▶ [Extracted records]
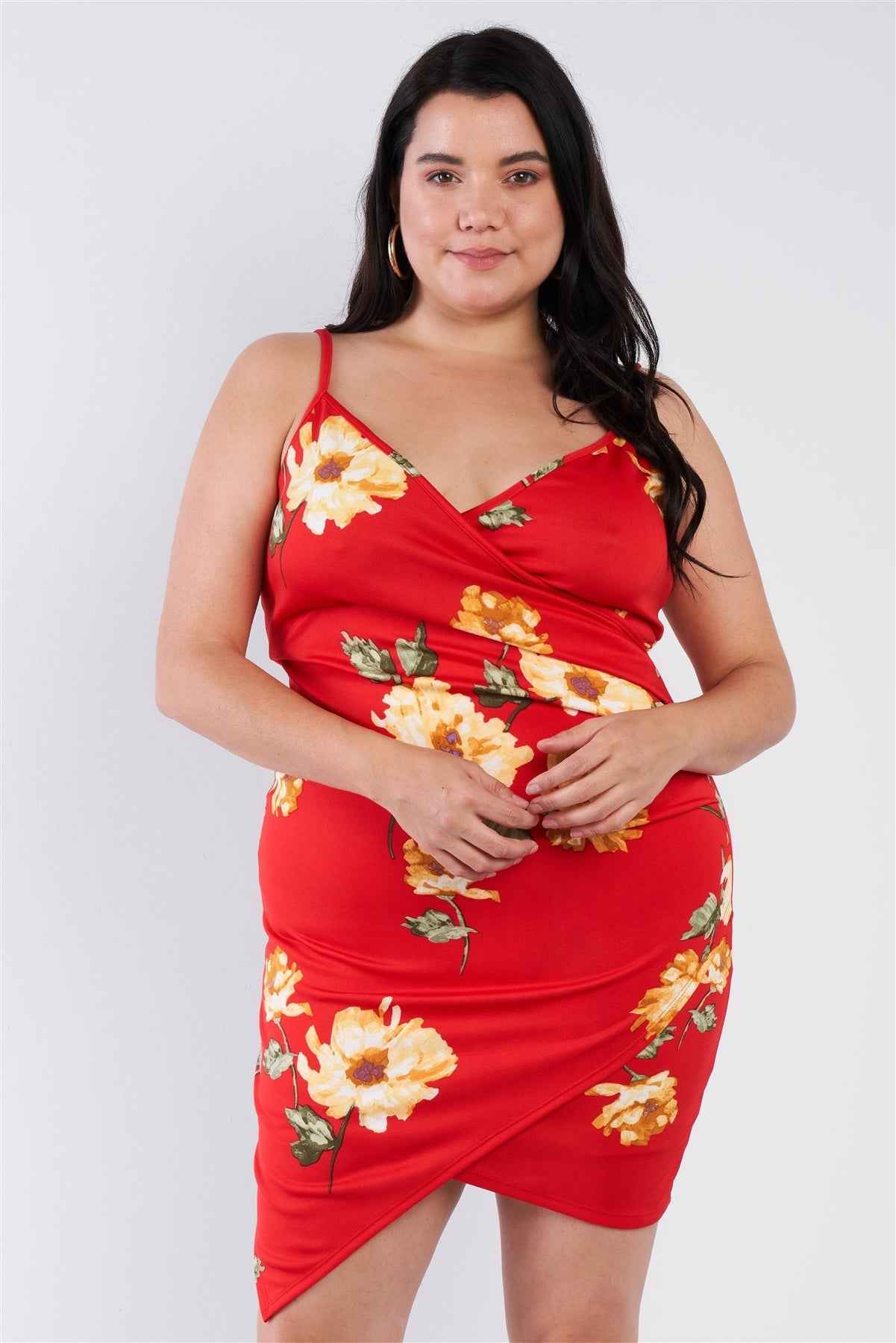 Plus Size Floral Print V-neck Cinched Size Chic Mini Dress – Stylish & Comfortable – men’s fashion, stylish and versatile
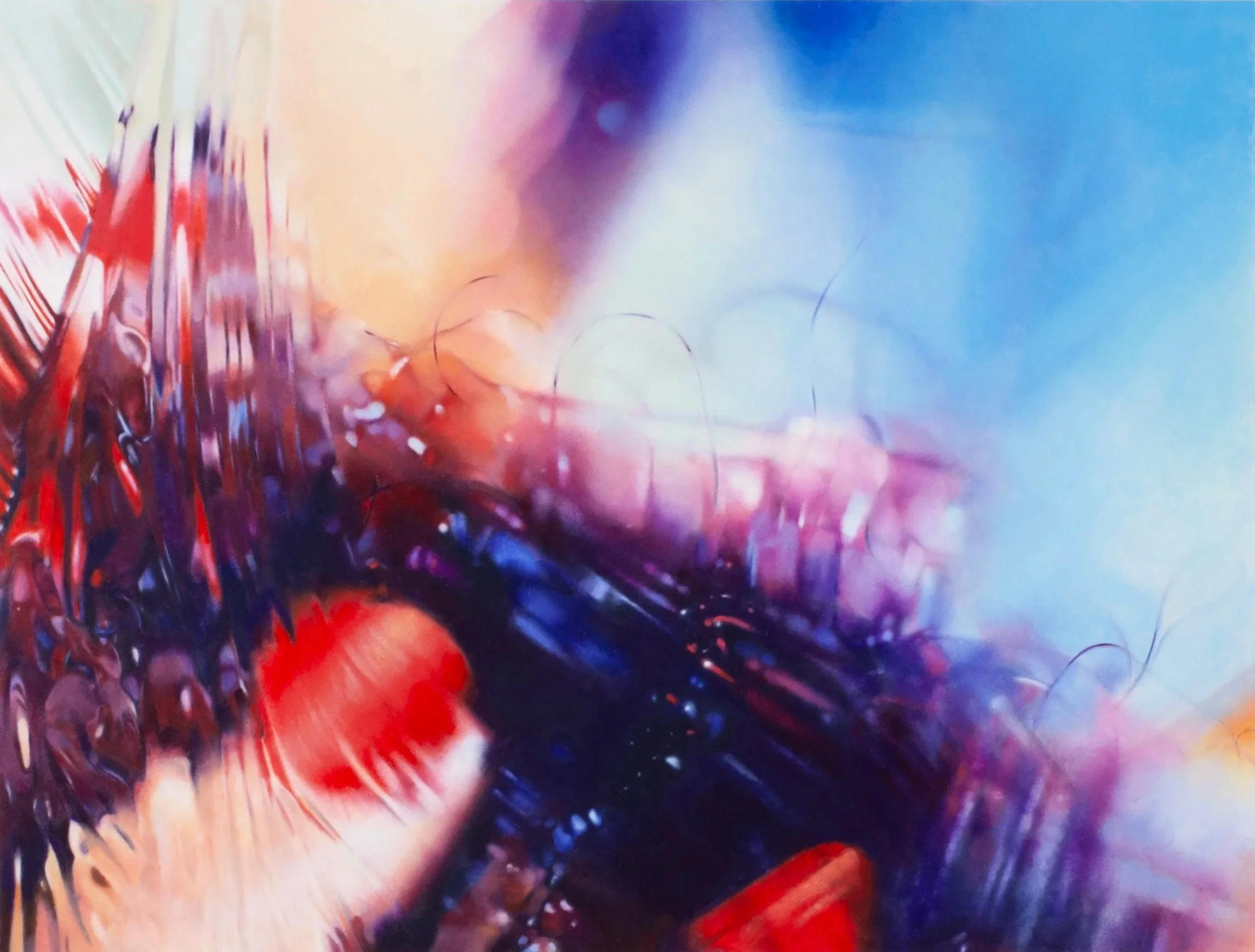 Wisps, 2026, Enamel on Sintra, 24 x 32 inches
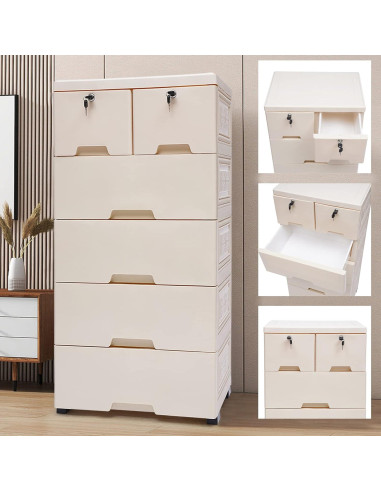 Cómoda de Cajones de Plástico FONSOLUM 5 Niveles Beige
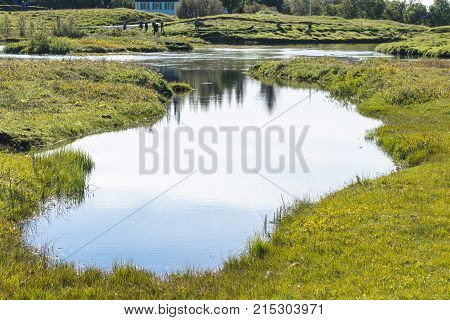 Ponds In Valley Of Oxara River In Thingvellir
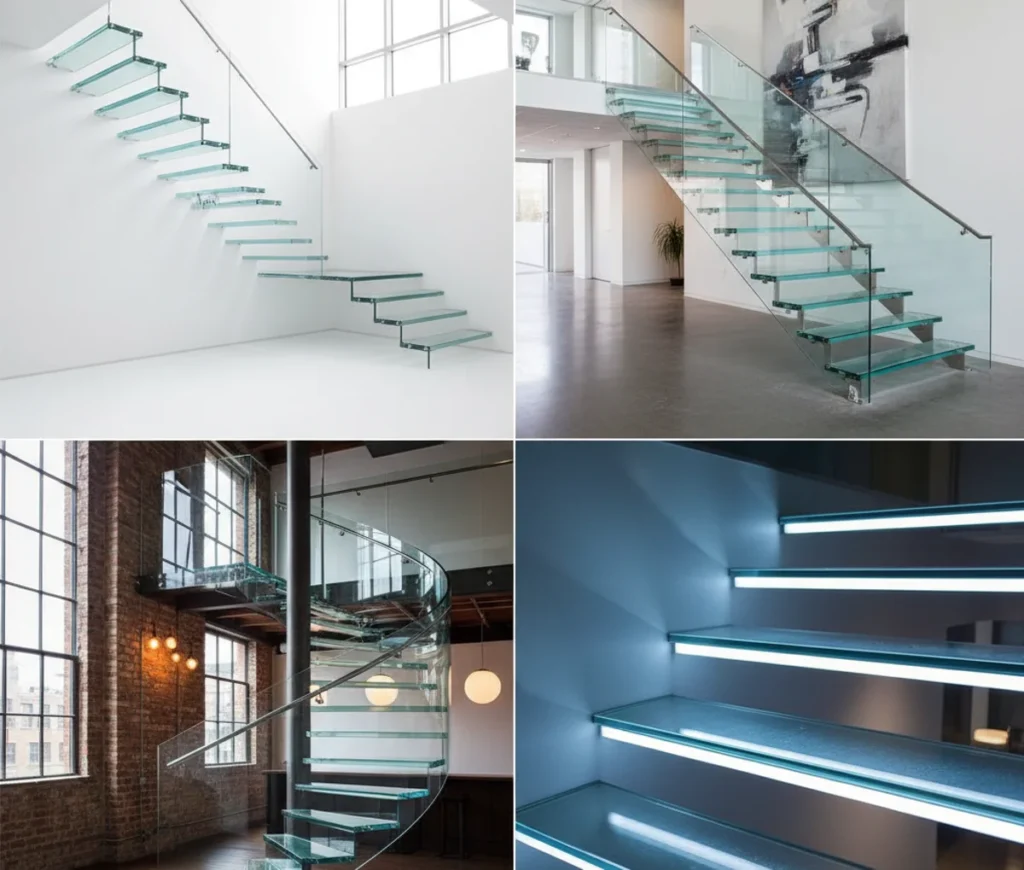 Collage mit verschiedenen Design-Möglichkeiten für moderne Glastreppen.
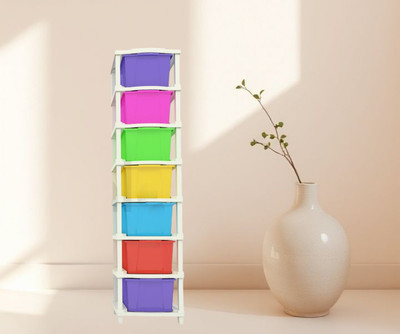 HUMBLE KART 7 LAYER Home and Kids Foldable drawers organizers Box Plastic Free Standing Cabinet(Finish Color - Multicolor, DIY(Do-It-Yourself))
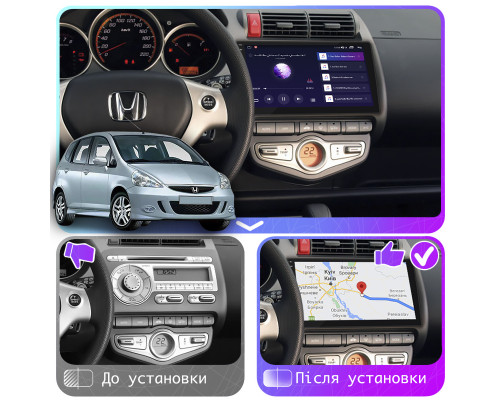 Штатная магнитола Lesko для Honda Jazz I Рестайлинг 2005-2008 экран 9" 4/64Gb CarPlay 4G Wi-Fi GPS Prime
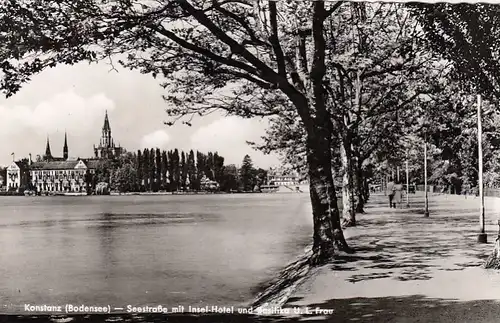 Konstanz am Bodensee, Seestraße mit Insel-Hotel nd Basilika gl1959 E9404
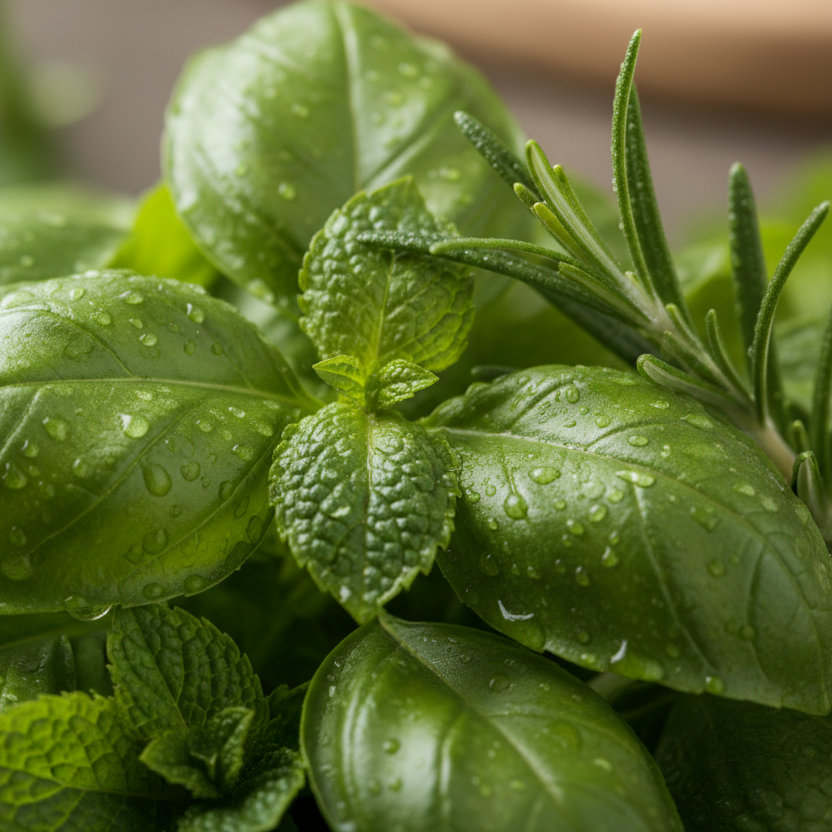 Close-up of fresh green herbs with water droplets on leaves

▶ [Task description]
What is needed is an exact copy of each line from the top of the data above through the line containing "HUMBLE KART 7", with no pictures.

▶ [Answer box]
 Plus Size Floral Print V-neck Cinched Size Chic Mini Dress – Stylish & Comfortable – men’s fashion, stylish and versatile
 Wisps, 2026, Enamel on Sintra, 24 x 32 inches
 Cómoda de Cajones de Plástico FONSOLUM 5 Niveles Beige
 Ponds In Valley Of Oxara River In Thingvellir
 Collage mit verschiedenen Design-Möglichkeiten für moderne Glastreppen.
 HUMBLE KART 7 LAYER Home and Kids Foldable drawers organizers Box Plastic Free Standing Cabinet(Finish Color - Multicolor, DIY(Do-It-Yourself))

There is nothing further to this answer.